SSH Access to Website

SYSTEM INFORMATION
OS type and version Ubuntu Linux 18.04.6
Webmin version version 2.105
Virtualmin version 7.10.0 Pro
Related packages SUGGESTED

Hello… I would like to use rsync to upload files to one of my virtual domains so that I can syncronize the images with another website. I’ve set up an SSH user on the destination domain, and I can log in to the subdirectory I’d like to upload the images to… but when I try to use rsync it says access not permitted.

What am I doing wrong here?

Dan Lewis

Not all users have shell access. Mostly by default I think it is restricted to ‘account’ owners. The default user you create.

First. Can you manually ssh to the account from the machine you get the rsync failure from.

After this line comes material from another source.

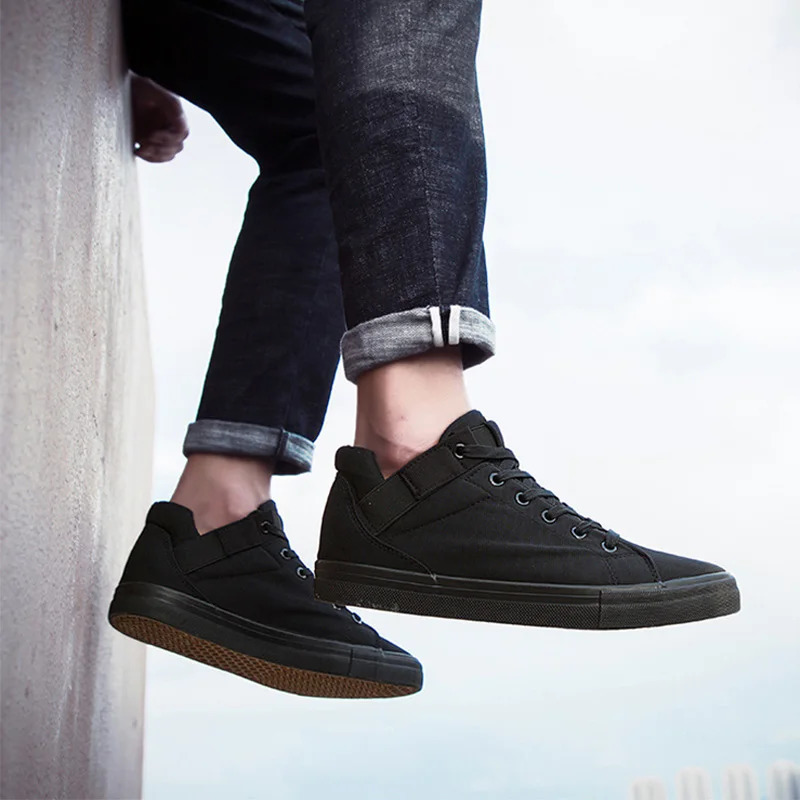 Black Sneakers Men Canvas Shoes Height Increasing 3cm Cool Young Man Footwear Breathable Cloth Mens Casual Shoes 240624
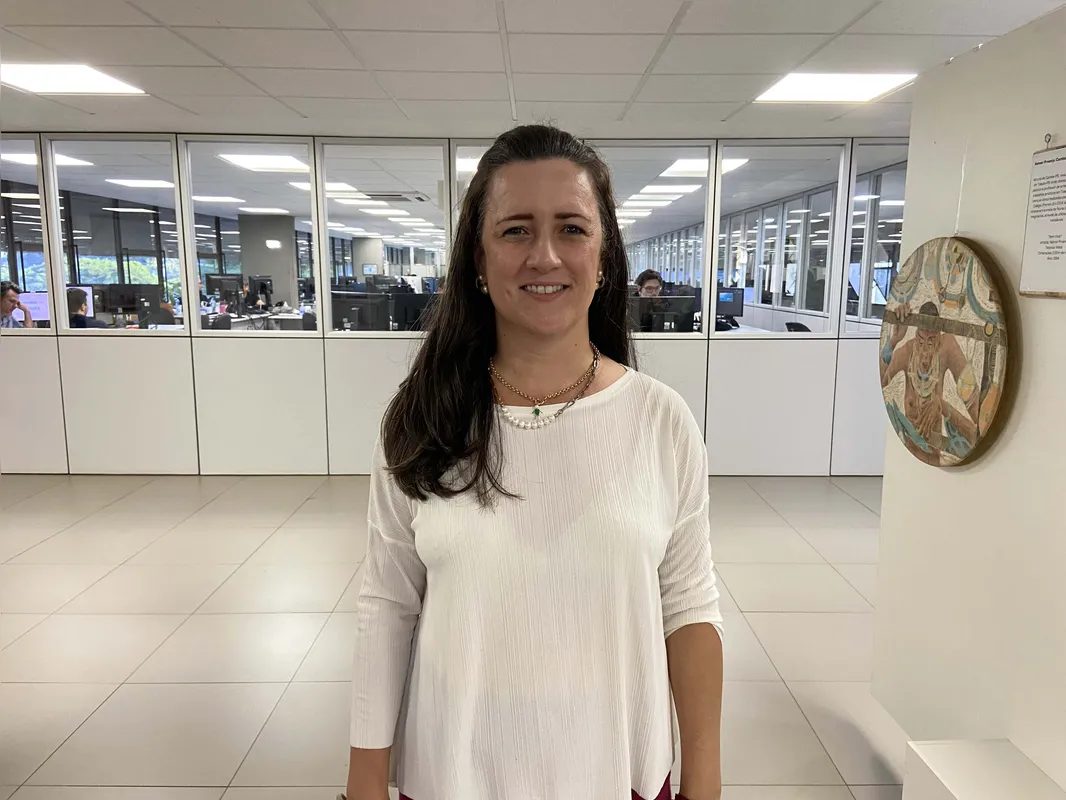 Fernanda Fabrin, diretora de Vigilância em Saúde: "Vacina protege a pessoa das formas graves, de internações, principalmente os grupos de riscos, que são as gestantes, crianças e idosos"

Check /etc/password to make sure the user you created has shell access.

/usr/sbin/nologin
/bin/false
/bin/bash

When you say “log in”, what do you mean? (I mean, ssh or Webmin or FTP?)

I have never been able to rsync files with any user but root.

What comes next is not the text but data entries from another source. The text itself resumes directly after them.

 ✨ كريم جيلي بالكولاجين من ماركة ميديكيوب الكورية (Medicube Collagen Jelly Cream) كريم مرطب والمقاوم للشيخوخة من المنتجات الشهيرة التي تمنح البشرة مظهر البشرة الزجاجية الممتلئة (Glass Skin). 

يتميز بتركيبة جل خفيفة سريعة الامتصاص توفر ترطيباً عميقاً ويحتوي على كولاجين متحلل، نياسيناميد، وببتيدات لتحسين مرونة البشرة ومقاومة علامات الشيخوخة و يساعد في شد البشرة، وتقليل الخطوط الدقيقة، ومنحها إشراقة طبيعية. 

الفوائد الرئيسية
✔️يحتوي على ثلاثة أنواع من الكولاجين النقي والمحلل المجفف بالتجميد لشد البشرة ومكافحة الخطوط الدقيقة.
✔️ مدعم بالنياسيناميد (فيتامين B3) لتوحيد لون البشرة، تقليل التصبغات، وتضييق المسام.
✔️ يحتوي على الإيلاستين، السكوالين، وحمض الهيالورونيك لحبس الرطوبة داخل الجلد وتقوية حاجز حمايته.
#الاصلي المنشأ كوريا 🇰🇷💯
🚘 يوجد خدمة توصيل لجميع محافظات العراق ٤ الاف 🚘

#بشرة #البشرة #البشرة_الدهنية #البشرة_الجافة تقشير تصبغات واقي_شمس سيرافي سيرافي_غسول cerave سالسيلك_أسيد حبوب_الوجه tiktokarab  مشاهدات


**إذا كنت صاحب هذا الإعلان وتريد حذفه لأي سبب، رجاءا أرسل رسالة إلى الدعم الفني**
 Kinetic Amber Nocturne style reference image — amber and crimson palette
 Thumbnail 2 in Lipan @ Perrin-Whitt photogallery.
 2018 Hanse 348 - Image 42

I would set ssh back to not allow root login as soon as I was finished.

I think there are ways to create a rsync user in both servers with write permission to source and destination folders to avoid using root.

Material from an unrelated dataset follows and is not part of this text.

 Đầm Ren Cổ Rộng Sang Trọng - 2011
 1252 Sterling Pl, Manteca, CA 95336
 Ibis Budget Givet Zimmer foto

Maybe someone will explain better.

You have setup the daemon correctly

You don’t need the rsync daemon. rsync works fine over ssh.

1 Like

Keys are your friend.

Yes I agree!

I have them set up for all users but I still set SSH to not allow login by root.

I have a sudo user not root I use (with keys) for most everything. That user set in both servers I could not rsynk. So if I have huge files I will transfer manually with root and switch back off. I’m sure there is a better way. rsynk commands mess with my dyslexia anyway. :face_with_spiral_eyes:

Really, I didn’t know that, I always used a daemon

Hello Joe… I created a new user on the domain and I can use Putty to open up the location. It created a user with the domain name and it’s created that user under /home/domain/home/username

I can upload files, make directories and so forth within that directory. I can then navigate the the /home/domain/public_html/(directory) that I want, but I can’t create any directories or upload any files. It appears to be read only. I’m thinking this has to do with some rights assignments I’m missing to make the directory under public_html writable.

Is there a way I can make this work?

Dan Lewis

Additional users in the domain share a group with the domain, but not the same user. So, the public_html directory would need to be writable by the group for a user with a different UID (but the same GID) to write to it. There are some security implications to making that change, but if all users in the domain are trusted to have write access to the website, you should be fine.

You can alternatively create an FTP user (and allow them to also use ssh), in the Edit Users page, which I believe will share a UID with the domain owner user. I need to look at how things have changed, as I don’t actually know what all the user types do now, after Ilia renamed them all. (I’m sure it’s less confusing than it was before, at least I hope so, but I knew what the old ones meant and don’t know what the new ones mean.)